The variety of vehicles available on the market account for some of the change in use. Commuters worried about biking to work and arriving sweaty and exhausted now have options for a powered ride. It’s much easier to bike home from Kowalski’s with a week’s worth of groceries in a cargo bike. And errands that used to demand a minivan or an SUV don’t seem so impossible on a bike anymore. We are able to travel farther and get more done without having to depend on a car.
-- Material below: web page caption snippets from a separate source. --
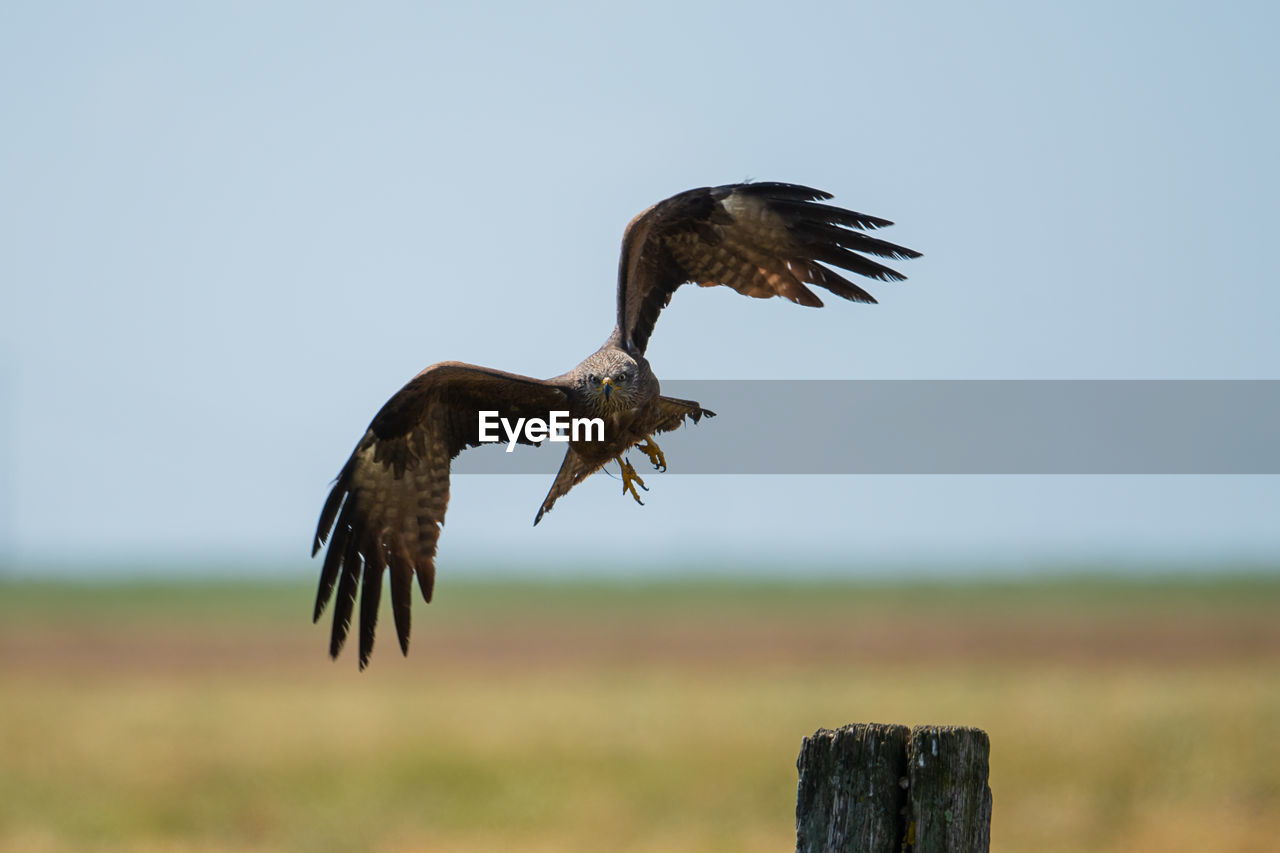 BIRD FLYING ABOVE WOODEN POST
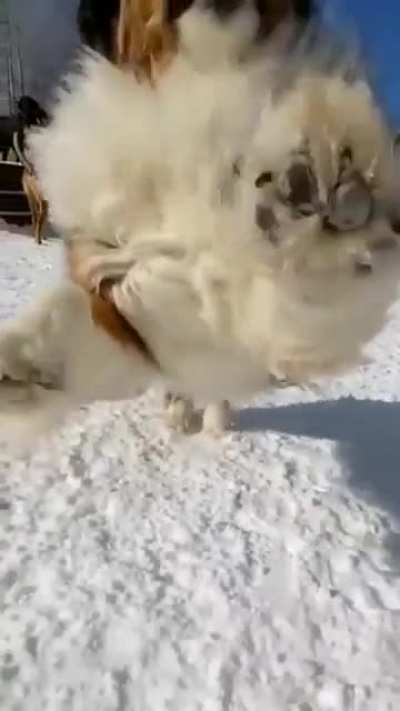 Handsome zoomie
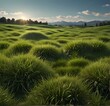 3dgreen grass meadow outdoor 3d-illustration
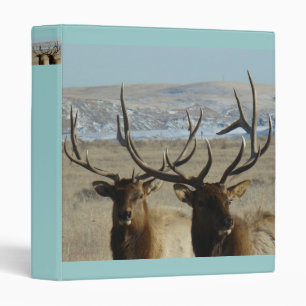 Classeur E45 Têtes d'Elk Bull
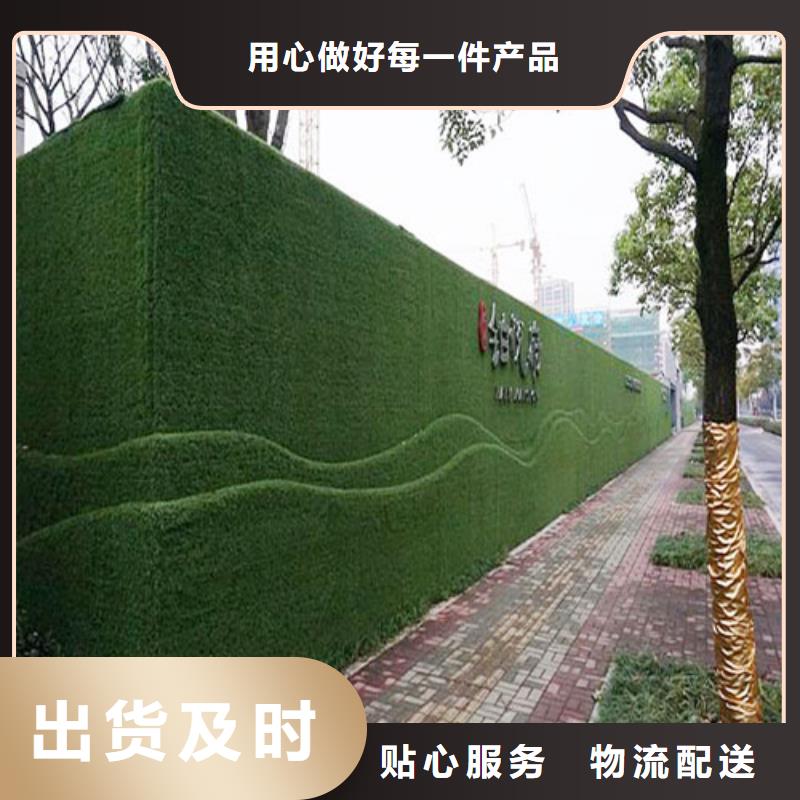 围挡草坪-人造草坪围挡价格有优势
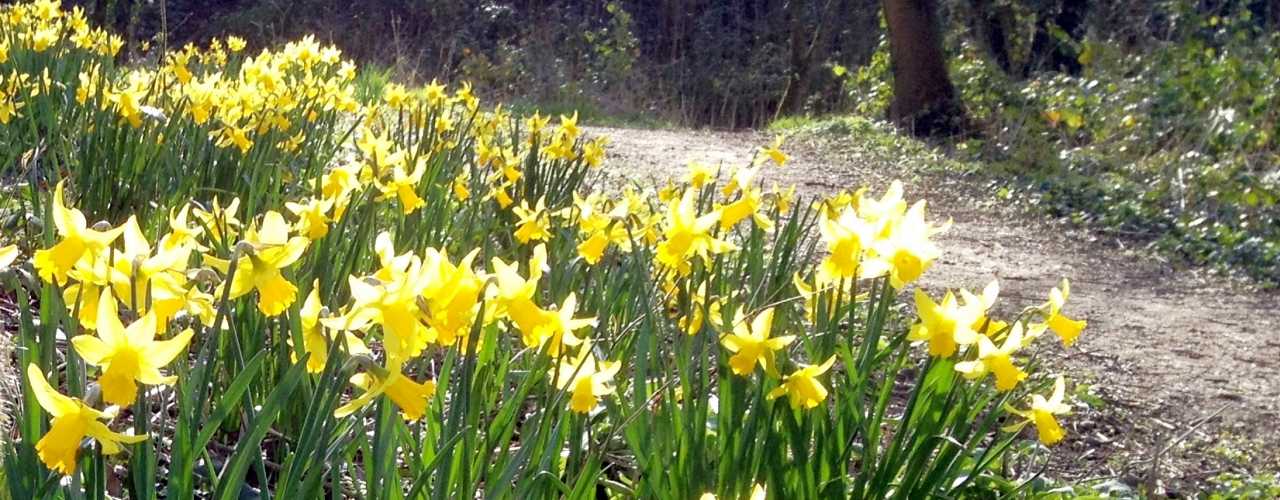 redermalisation #springfreshface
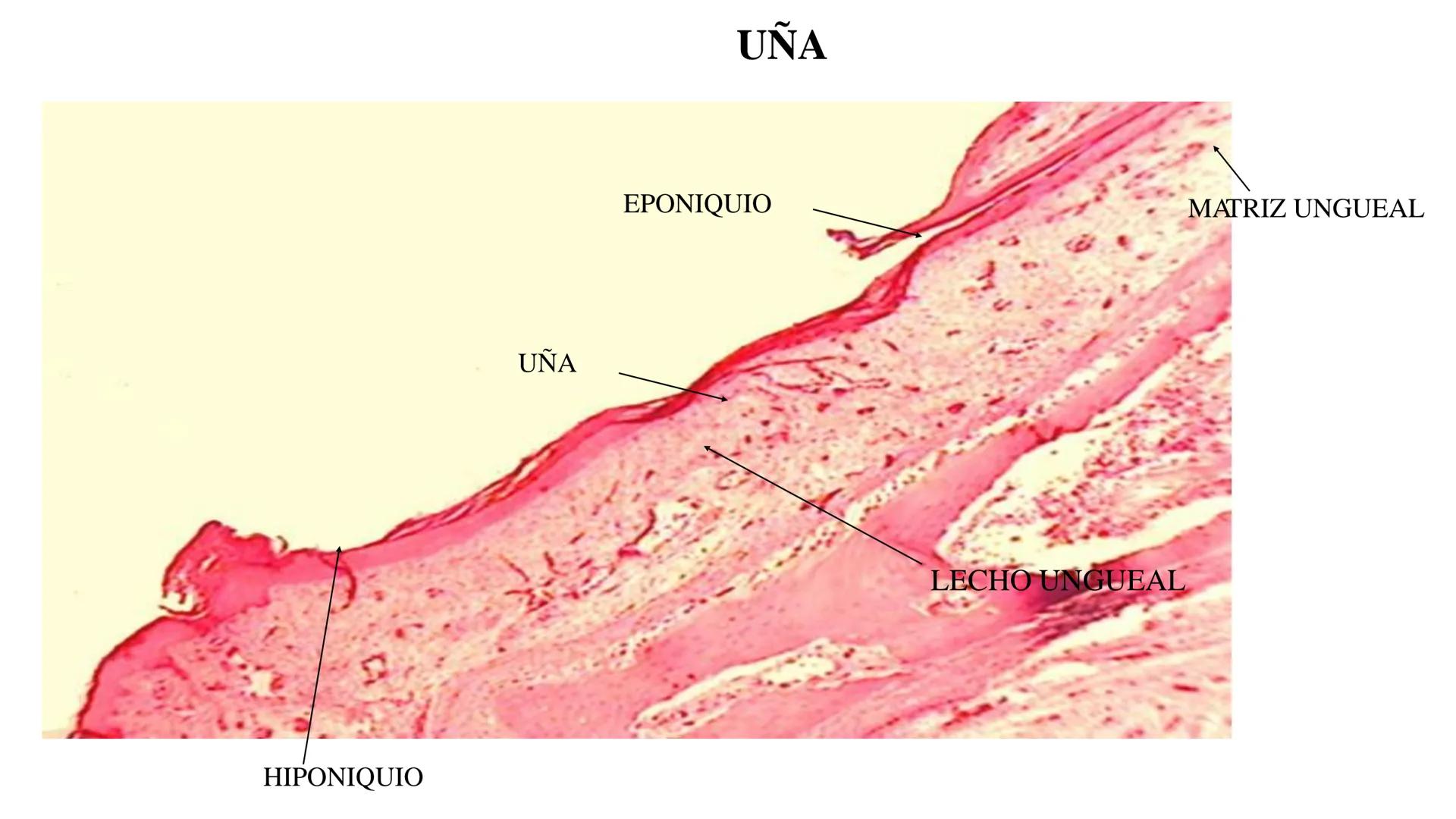 TRANSFORMA TU MUNDO EN
LA U MAS TOP DE LA REGIÓN. TEMA 01
HISTOLOGÍA DEL SISTEMA
TEGUMENTARIO
Curso: Estructura y Función 1
Docente: Silv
Separated Bike Lanes Are Right for Summit
The on-street bikeway no longer works for the way we use Summit Avenue. I’ve offered one reason why already: it’s useless for at least four months out of the year. Snowplows do their best to move snow and ice off the road surface, but even when parked cars aren’t in the way, car tires inevitably track snow and slush back across the bike lane as they move in and out of the parking lane.
The video still I shared earlier suggests another reason: No one enjoys being sandwiched between moving cars and potentially swinging car doors. The city said as much in a recent survey of St. Paul residents. When asked, “What would make you bike more in St. Paul?” the top response was “more separated bikeways.” Farther down, respondents added, “better snow clearing.”
Section 2 of the 90% draft plan includes comments from the 60% version from November. Again, when asked what the most important elements were, at the top of the list were trees and separated bike lanes.
This is what we want. It’s what would make more of us more comfortable in giving the bike a try. But if we build it, will they come? Are we sure that building new bike infrastructure translates to increased bike use? Yeah, pretty sure.
Perhaps the most straightforward reason to upgrade Summit’s bike lane from the current in-street configuration to a separated bike lane is that it is most appropriate for the amount of vehicle traffic the street sees every day, according to industry best practices.
It’s About People. It’s About Us.
Things are looking up. Our rodent climatologist notwithstanding, spring is coming. We know that it’s bound to bring a slushy snowstorm or three, and at least one more cold snap. But the light is returning, Hallelujah! In another week or two, I may not need the headlamp to find my way home. In a month, maybe I can switch out the studded tires. Lord willing, stepping onto the bus won’t require launching over a snowbank to get there. And let’s hope we won’t need new shocks and struts for the family wagon.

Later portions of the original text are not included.